In 2024, our ecosystem is choking in the talons of many, many plagues – mostly caused by climate change and, somehow, finding ways to outlive and overcome it. 

And the higher-ups set the stage for this: mining, logging, fracking, drilling, spraying and dragging their feet on emissions reductions and fossil fuel taxes while committing ongoing genocide against the people who truly know what this land needs to heal and survive. 

In January, fire ants, “one of the worst invasive species to reach Australia” according to the Department of Agriculture, were seen writhing in masses to create rafts across flood waters in Queensland that were meanwhile drowning our native species. 


During the school holidays, the Victorian coastline was littered with white cabbage moth corpses washed up in the waves. In their caterpillar stage, these moths are common pests for gardeners and farmers that annihilate young, tender leaves on a variety of vegetables. But warmer weather sparked a mass hatching in summer that left the windshields of luxury cars cruising along the Great Ocean Road splattered with white wings. 

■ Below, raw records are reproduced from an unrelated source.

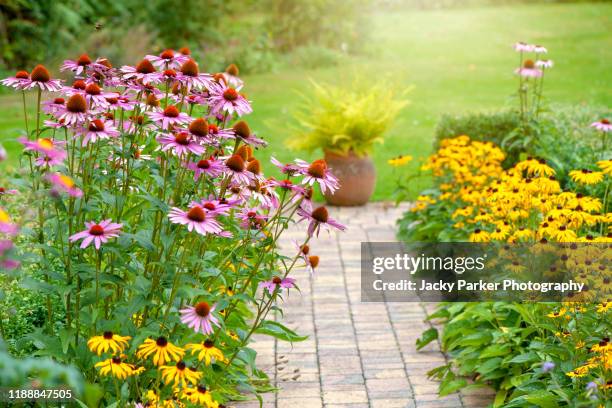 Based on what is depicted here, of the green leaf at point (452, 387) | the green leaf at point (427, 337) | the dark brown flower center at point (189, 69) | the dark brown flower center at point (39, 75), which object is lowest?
the green leaf at point (427, 337)

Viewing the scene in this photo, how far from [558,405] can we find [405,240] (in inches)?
114

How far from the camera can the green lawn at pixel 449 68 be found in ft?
32.1

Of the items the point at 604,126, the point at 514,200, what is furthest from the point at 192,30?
the point at 514,200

Victorian beaches were littered with invasive white cabbage moth corpses washed up in the waves. Photo: Aleksandra Bliszczyk

In February, a new global study found rising temperatures and cycles of extreme droughts and rains could help locusts breed at a biblical rate. One swarm of locusts can consume more than 1000 kg of green vegetation a day and many have eaten millions of dollars worth of crops in the eight major locust plagues in Australia since record-keeping began in the 1930s.

Meanwhile, our wombats are infected with mange, a skin disease caused by introduced mites, our koala population is threatened by outbreaks of chlamydia, about 300 million of our native birds get torn apart by feral cats every year and our possums are carriers of the flesh-eating Buruli ulcer bacteria that made it way to Australia from West Africa via mosquitos. 

Now, more than ever, it feels like the day when Australia will be swallowed whole by a maelstrom of plagues is nearing, while we have to pay rid our homes of for rodents, shoot brumbies from helicopters and go on family hunting sprees for cane toads.